Early menopause = greater risk for osteoporosis

Swedish research now confirms what other research has suggested…menopause occurring before the age of 47 is linked to an increased risk of osteoporosis and fracture as women age.

Specifically, at age 77 56% of women who experienced an early menopause (average age of 42) had osteoporosis, while only 30% of those who went into menopause at age 47 or later had the diagnosis. Also, fracture incidence was higher among those entering menopause before age 47.

But before you throw your hands into the air in frustration, I encourage you to remember that the very first truth of The Better Bones Revolution Manifesto is “there is an intricate, interwoven fabric of life in the universe.” This means that while we as humans generally do our best to mess with natural things, there’s a vast intelligence and order to nature with a harmony in the way things develop and function. When we listen to this intelligence, we can harness the power of nature to heal!

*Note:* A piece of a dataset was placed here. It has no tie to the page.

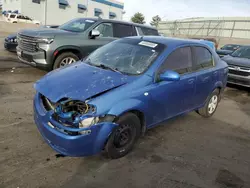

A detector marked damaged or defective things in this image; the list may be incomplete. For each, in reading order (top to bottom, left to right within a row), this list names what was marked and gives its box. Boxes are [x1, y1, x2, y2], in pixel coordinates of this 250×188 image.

crumpled hood [35, 62, 134, 102]
damaged front end [40, 94, 116, 136]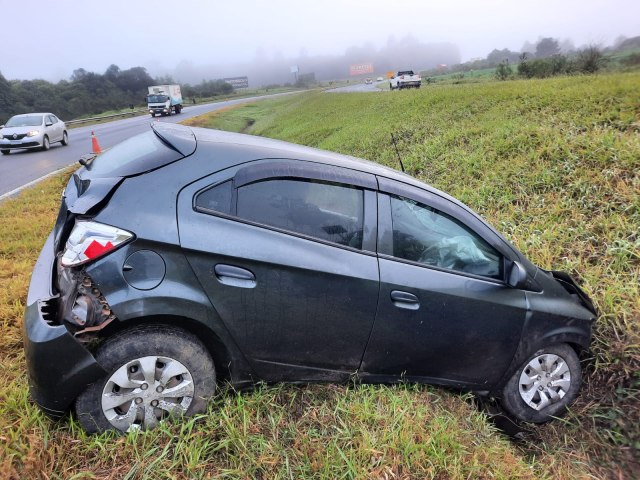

In the case of this study, we see that our bodies do indeed provide powerful clues about what is going on inside us. Rather than feeling a bit hopeless, women can use early menopause as a stepped-up call to action to take the healing steps outlined in The Better Bones Revolution checklist:

• Develop an alkaline diet

• Supplement with all 20 key bone nutrients

• Exercise ½ to 1 hour each day

• Make a commitment to seek happiness and reduce worry

While the age at which we experience menopause may have complicated origins due to many factors, there’s plenty that we can do to build and maintain strong, healthy bones at any age. And remember, an increased risk is still not a guarantee that you’ll suffer from osteoporosis or a fracture – especially when there’s the opportunity to take action.

 

Reference:

Svejme, O, HG Ahlborg, JÅ Nilsson, MK Karlsson. 2012. Early menopause and risk of osteoporosis, fracture and mortality: a 34-year prospective observational study in 390 women. BJOG: An International Journal of Obstetrics & Gynecology, DOI: 10.1111/j.1471-0528.2012.03324.x.